What mechanisms have emerged to regulate the global financial system? Who are the key players? How well do international standards and codes of conduct meet the needs of poor and emerging economies? These issues are addressed in a working paper from the International Monetary Fund (IMF), produced by the Financial Sector Operations and Policy Department and the Cofinancing and Project Finance Group, Legal Vice Presidency.
Financial globalisation has brought a shift in the balance of power from governments to markets. It has proved hard to formulate a new discipline for an international financial system. The approach that has emerged is the adoption of international codes of conducts and standards, an innovative and constructive effort. The approach combines the key features of previous successful episodes of regulatory harmonisation and represents, with all its limitations, a structured approach to the problems raised by the globalisation of capital markets.
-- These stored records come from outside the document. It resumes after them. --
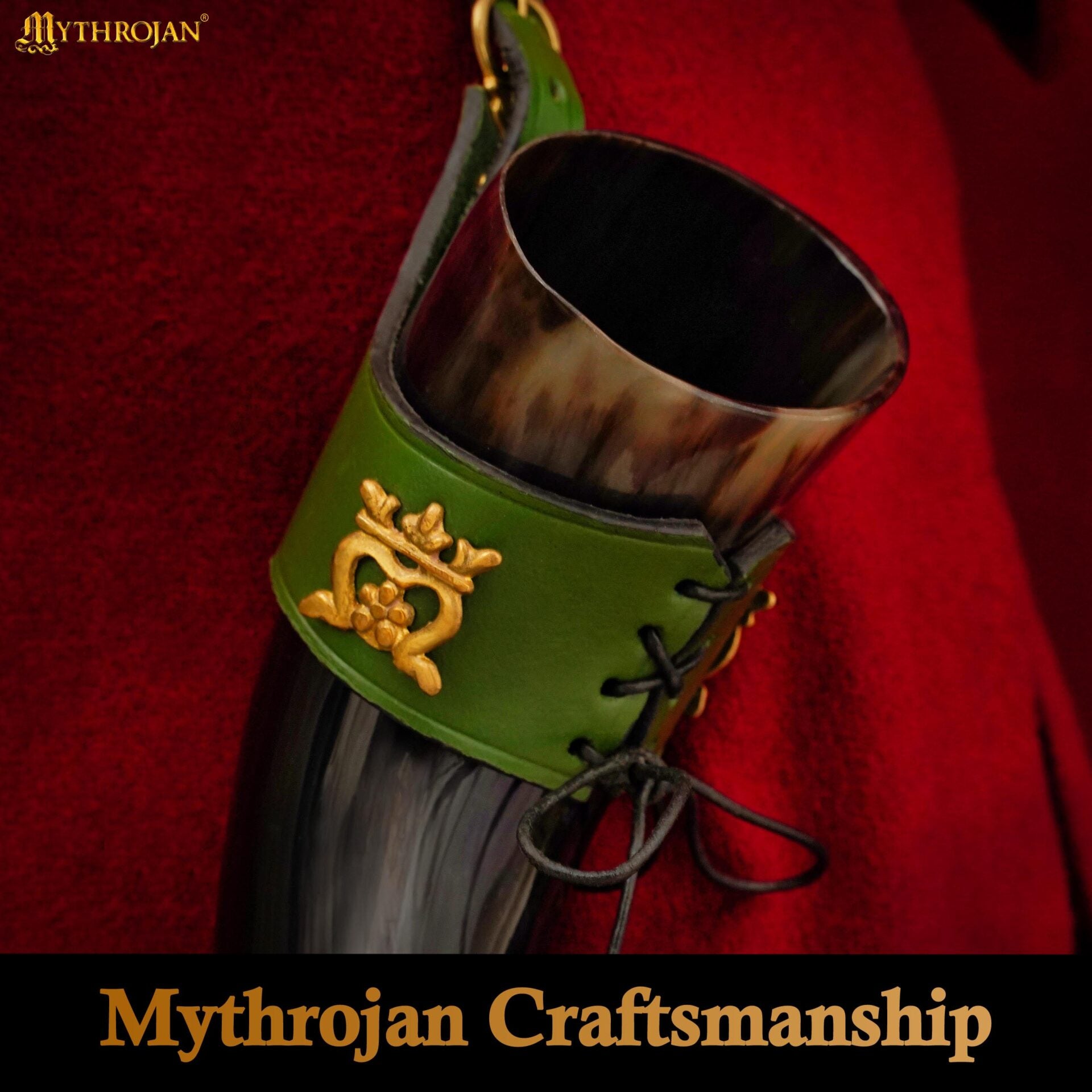 Mythrojan The Elegant Lady 250 Ml Cuerno Vikingo para Beber con Funda de Cuero Verde - Imagen 6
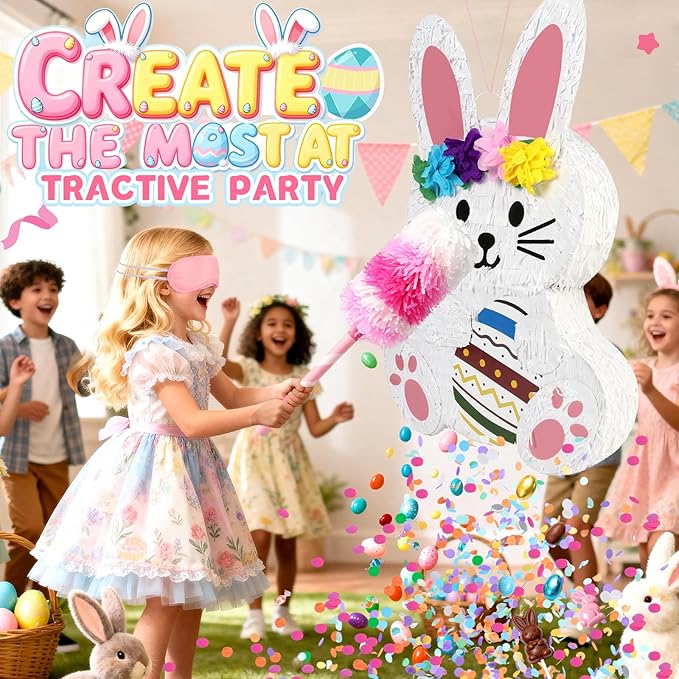 25" Large Bunny Pinata for Kids Birthday Party - Cute White Rabbit Party Supplies with Matching Stick, Blindfold & Confetti - Sturdy Spring Theme Decor for Easter & Baby Shower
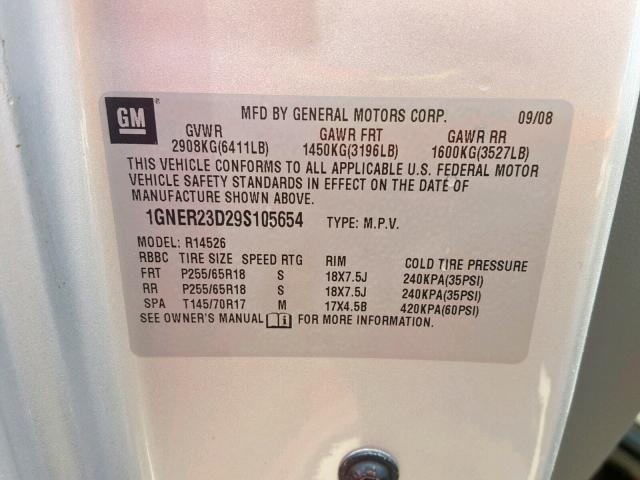 1GNER23D29S105654 - 2009 CHEVROLET TRAVERSE L SILVER photo 10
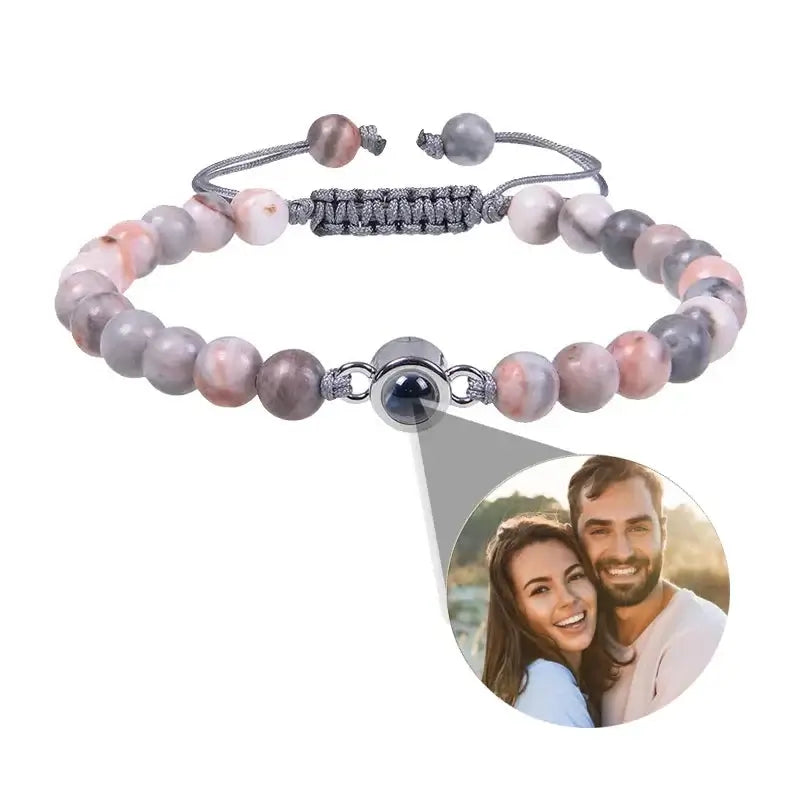 Shopminx Custom Projection Photo Bracelet 6mm Natural Stone Circle Pendant Round 1 / Silver Beads / United States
The key feature of the new approach has been the substitution of the traditional top-down process with a new process where only a minimum number of common rules are defined. Further harmonisation is left to market forces. The three key principles are minimum harmonisation, mutual recognition and reputationally-induced discipline.
- From the 1970s onwards, ‘non- governmental’ sector initiatives have often taken the lead in setting the pace for and even forcing government interventions in the financial area.
- The example of Euromarket and American Depositors Receipts show that markets have the capacity to spread existing standards across jurisdictions, and to develop contractual and regulatory standards through arbitrage and competition.
- Market mechanisms also have had some success in developing and enforcing financial standards through reputational discipline. Adherence to norms is by the threat of loss of reputation or public censure.
- International codes of conduct are often adopted as law and regulation at national level. Implementation of national law may prove difficult. International codes of conduct do not always transfer well to different legal and cultural systems. Regulatory systems have high costs for small countries.
- Standards are often developed by exclusive groups – they are therefore unlikely to meet the problems and issues of those who are not representative. But building agreements between an inclusive and representative group is a time consuming process.
The standards and codes approach plays an important role in reducing the risk of instability related to weak regulations. However, the ultimate success of this approach will lie in the capacity to provide operational content:
- A refinement of standards and codes is needed to accommodate different legal traditions and to deal with the needs of financial systems of different size and complexity.
- For small developing countries, the costs of financial regulation may require different regulatory structures than those prevailing in larger economies.
- A clearer definition of the role played by different standards in promoting economic growth and financial stability would help to set priorities among different regulatory reforms and improve the effectiveness of standards and codes.
- International standards and codes could be made more effective through a macro-prudential approach. This approach looks at ways to limit costs to the economy caused by financial shocks.